Top of RECORD EXTRACTS
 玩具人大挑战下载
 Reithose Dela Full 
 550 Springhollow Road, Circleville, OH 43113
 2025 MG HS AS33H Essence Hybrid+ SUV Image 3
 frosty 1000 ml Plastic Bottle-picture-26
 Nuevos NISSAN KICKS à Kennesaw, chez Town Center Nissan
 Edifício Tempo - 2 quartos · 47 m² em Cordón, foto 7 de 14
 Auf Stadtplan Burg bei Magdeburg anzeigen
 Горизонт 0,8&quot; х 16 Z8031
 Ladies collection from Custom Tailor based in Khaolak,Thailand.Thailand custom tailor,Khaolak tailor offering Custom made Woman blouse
Bottom of RECORD EXTRACTS
Top of RECORD EXTRACTS
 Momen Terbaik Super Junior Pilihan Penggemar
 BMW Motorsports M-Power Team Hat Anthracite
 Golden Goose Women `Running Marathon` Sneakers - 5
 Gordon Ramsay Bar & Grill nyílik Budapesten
Bottom of RECORD EXTRACTS
ASSIGNED TASK: Restate word for word the entries above from the line with "frosty 1000 ml Plastic Bottle-picture-26" through the line with "Ladies collection from", inclusive, leaving out everything else.

RESULT FOR THIS EXERCISE:
 frosty 1000 ml Plastic Bottle-picture-26
 Nuevos NISSAN KICKS à Kennesaw, chez Town Center Nissan
 Edifício Tempo - 2 quartos · 47 m² em Cordón, foto 7 de 14
 Auf Stadtplan Burg bei Magdeburg anzeigen
 Горизонт 0,8&quot; х 16 Z8031
 Ladies collection from Custom Tailor based in Khaolak,Thailand.Thailand custom tailor,Khaolak tailor offering Custom made Woman blouse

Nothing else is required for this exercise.